Because the pump or motor builders are so large and only produce pumps or motors, they can undercut all other suppliers so a great many companies order their parts from just a few suppliers. Even brand name manufacturers find it simpler and cheaper to order outsourced parts like pumps.

So many smaller importers can and now do buy the same quality parts as the big boys.

dollar iconShould you buy a ‘no-name’ brand?

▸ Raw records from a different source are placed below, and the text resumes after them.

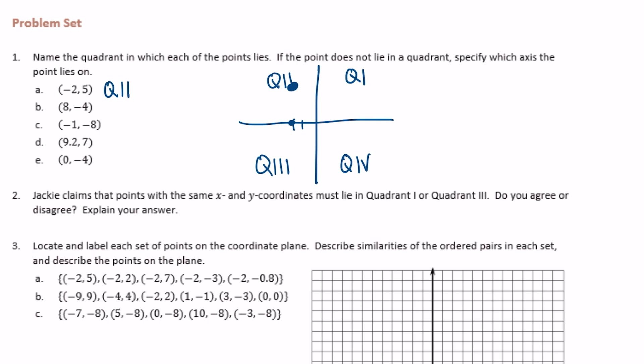8, negative 4 would be positive 8, and then down 4, so somewhere in there — that's quadrant 4. Negative 1, negative 8: so negative 1, to the left 1, down 8 — that would be quadrant 3.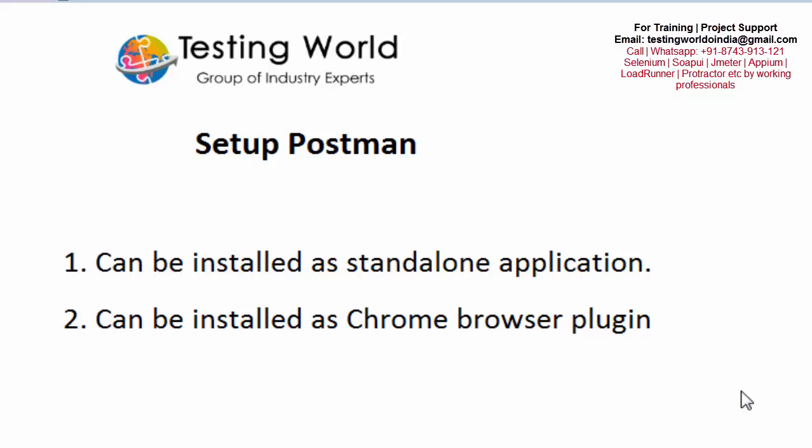Hello friends, in this session we are going to cover how we can set up Postman. Postman can be installed as a standalone application and it can also be installed as a Chrome browser plugin.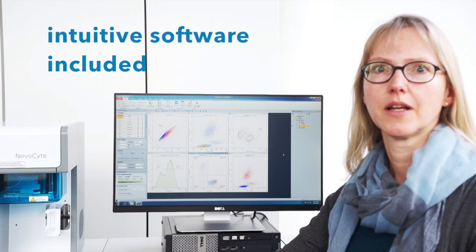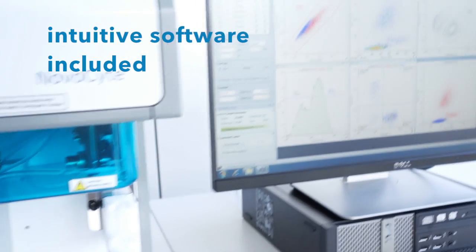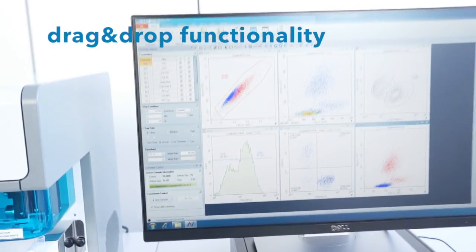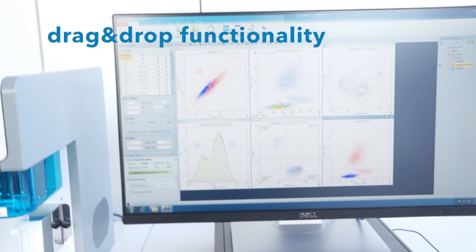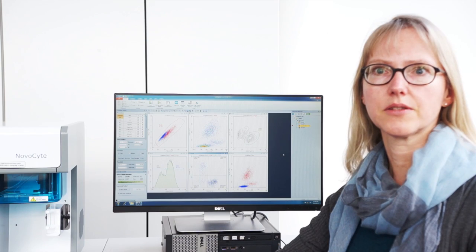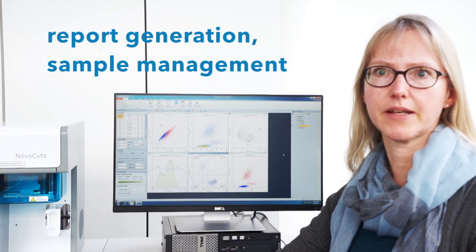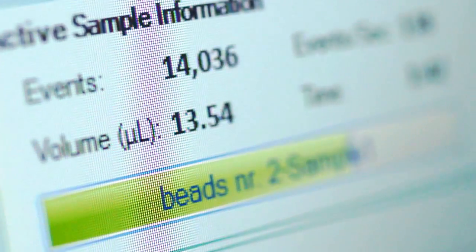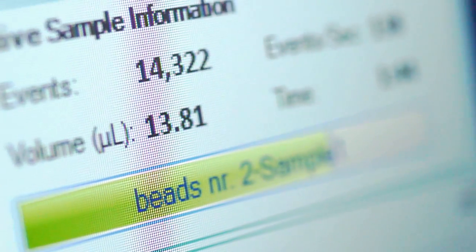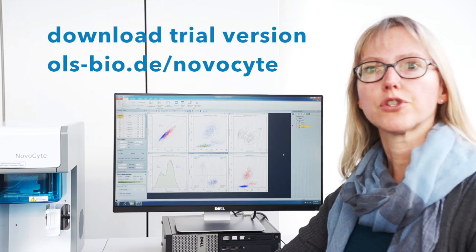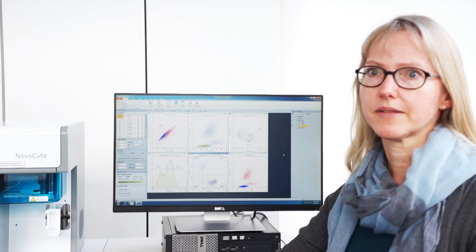The Nomocyte comes with a dedicated, powerful and intuitive software. This plug-and-play software offers a lot of automated routines and easy drag-and-drop functionalities for data analysis, report generation and sample management, making everything a breeze. If you want to convince yourself, just download the free trial version from the OLS or SCR website.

The problems with ‘no-name’ brands are:

  1. Unless you pull one to pieces you don’t know what parts have been used and what if any shortcuts have been taken e.g. internal hoses taped on to outlets using electrical tape and not clamped is unfortunately common in washing machines.
  2. If your new machine breaks it may have to be repaired by a repair agent that agent may not see very many.
  3. Seldom are there proper schematic diagrams for the repair agents to work with and parts lists and part numbers don’t exist (so you order by saying I need the widget that attaches to the pump and hope for the best).
  4. Warranty repair work is often outsourced by smaller importers. These ‘go-betweens’ take hefty fees and pray on smaller repair agents desperate for work which is one of the reasons this web site exists i.e. to help smaller companies compete fairly.
  5. Spare parts are kept to a minimum and once a machine is a few years old most spare parts will be used up (remember the 3% rule described above). Once the spare parts are used up and that model reaches 3 years of age chances are any spare parts that remain will be sold off to spare parts wholesalers and no new ones brought in to replace them.

So would I buy a ‘no-name’ brand?

If I new that they were well made with great parts, good warranty and can be serviced easily then sure why not? No doubt there are many fine machines that are hundreds of dollars cheaper than their branded cousins out there in the market. With that in mind I am going to create a post called: “Best No-Name Brands”:

  1. We will let you, the customer, supply us with the best of the best!
  2. Then we will contact the importer and grill them.
  3. If they come up trumps then we will give them a plug.

Let’s see if we can all help some of the smaller imporeters who are trying to help us by importing quality items, have good back-up service and who are helping drive down the prices you and I have to pay.